Doy la bienvenida a todas y saludo cordialmente a la nueva Superiora General y a las nuevas consejeras. Espero que un tiempo importante como lo es el del Capítulo General aporte abundantes frutos en la vida de vuestro instituto.

Frutos, en primer lugar, de comunión. Abiertas al Espíritu Santo, el Maestro de la diversidad, Maestro de la unidad en las diferencias, caminaréis en una comunión entre vosotras que respete la pluralidad, que os empuje a tejer sin descanso la unidad en las legítimas diferencias, teniendo en cuenta también el hecho de que estáis presentes en diferentes países y culturas. «¿Cómo permitir a cada uno expresarse, ser aceptado con sus dones específicos, ser plenamente corresponsable?» (Carta. Ap. A todos los consagrados, 21 de noviembre de 2014, II, 3). Cultivando la atención y la aceptación mutua; practicando la corrección fraterna y el respeto por las hermanas más débiles; creciendo en el espíritu de la convivencia; desterrando de las comunidades las divisiones, las envidias, los cotilleos; diciendo las cosas de forma abierta y con caridad. Sí, y se puede vivir así. Todas las cosas que he dicho antes destruyen, destruyen a la Congregación.

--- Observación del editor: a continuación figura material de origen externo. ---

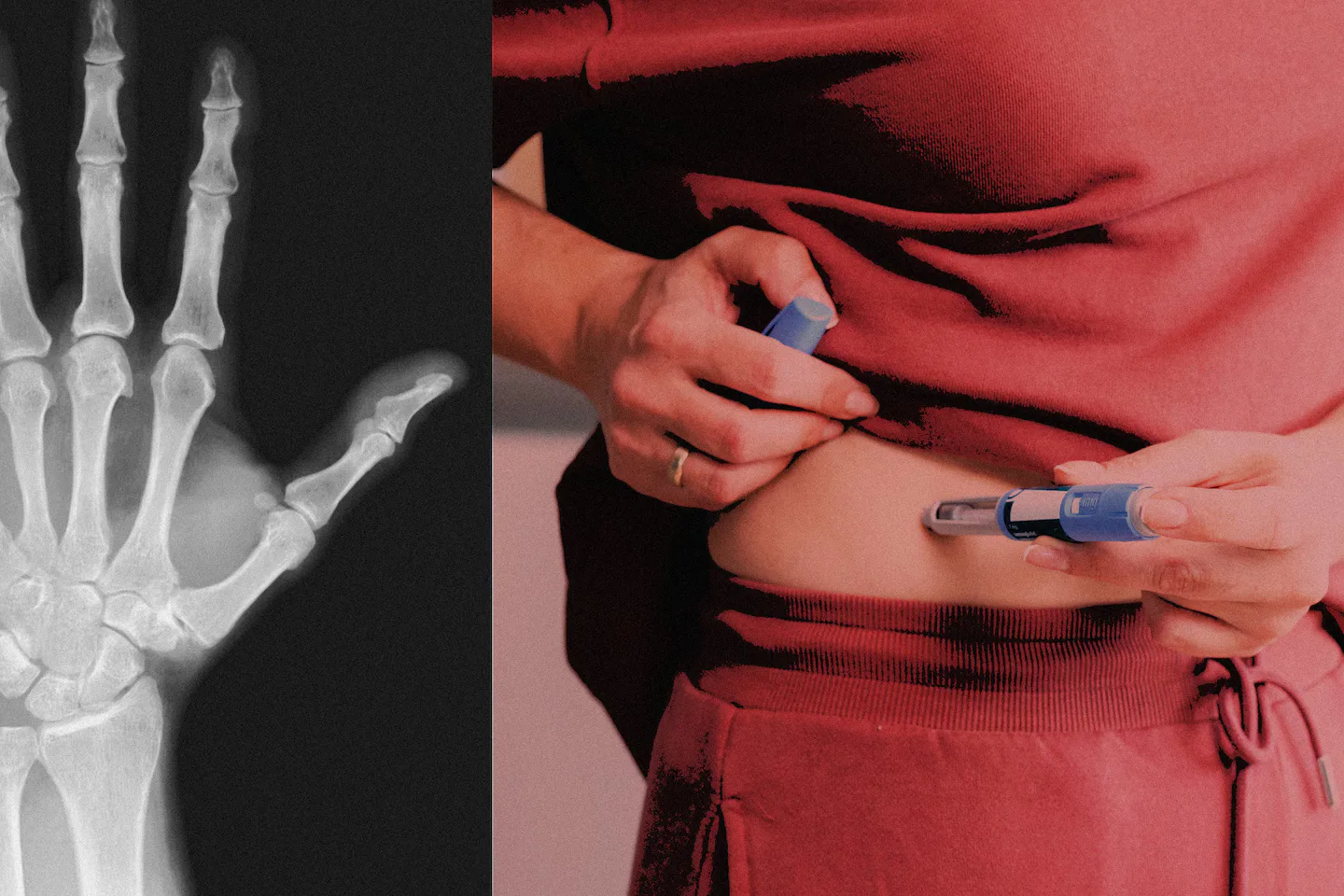 GLP-1 Drugs Like Ozempic Raise Bone and Tendon Injury Risks, Study Suggests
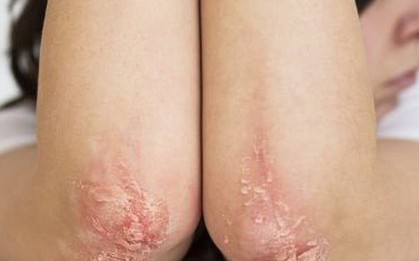 Lý do nhiều người nước ngoài chọn Việt Nam chữa bệnh, làm đẹp
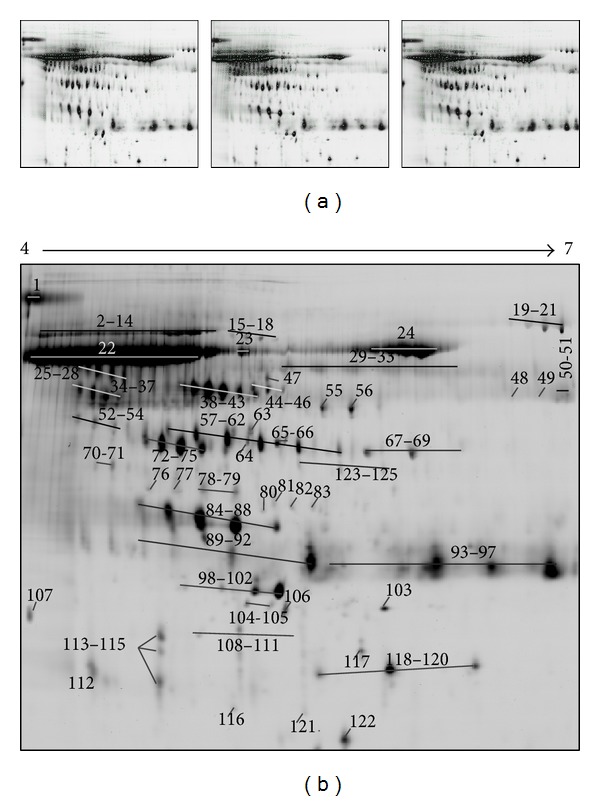 Mapping and Identification of the Urine Proteome of Prostate Cancer Patients by 2D PAGE/MS.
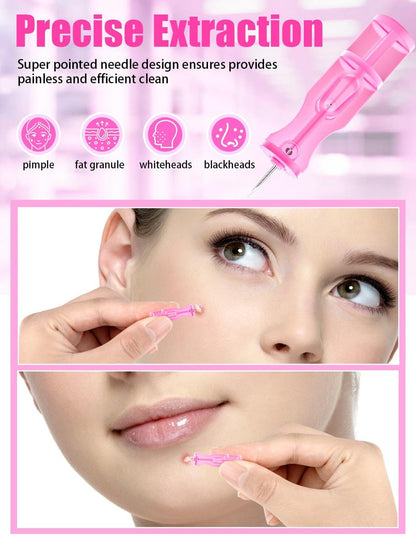 50 Pack Disposable Lancets for Facial Extraction – Stainless Steel Acne Needle Tools for Blackhead Removal, Pink
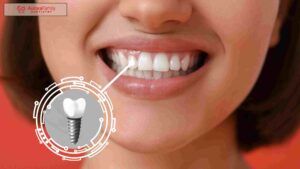 Why Dental Implants Are the Best Solution for Missing Teeth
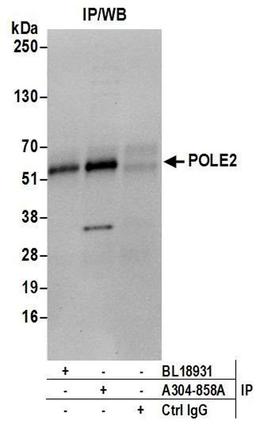 Detection of human POLE2 by WB of IP.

Frutos de comunión con vuestros hermanos y hermanas de la Familia Paulina. Tenéis en común al padre y fundador, don Giacomo Alberione, y también la misión de llevar a los hombres y mujeres de nuestro tiempo el Evangelio, sobre todo, en vuestro caso, a través del servicio litúrgico y el cuidado de los sacerdotes. Es muy bonito.

Frutos de comunión con los otros carismas. Es el momento de la sinergia de todos los consagrados para acoger las riquezas de los demás carismas y ponerlas todas al servicio, de la evangelización permaneciendo fieles a la propia identidad. «Nadie construye el futuro aislándose, ni sólo con sus propias fuerzas» (ibíd.). Para ello os invito a cultivar el diálogo y la comunión con los otros carismas, y a combatir en todas las formas la auto-referencia. Es muy feo cuando un consagrado o una consagrada es autorreferente, que está siempre mirándose al espejo. Es muy feo.

Frutos de comunión, por último, con los hombres y mujeres de nuestro tiempo. Nuestro Dios es el Dios de la historia y nuestra fe es una fe que actúa en la historia. En los interrogantes y las expectativas de los hombres y mujeres de hoy encontramos indicaciones importantes para nuestra secuela de Cristo.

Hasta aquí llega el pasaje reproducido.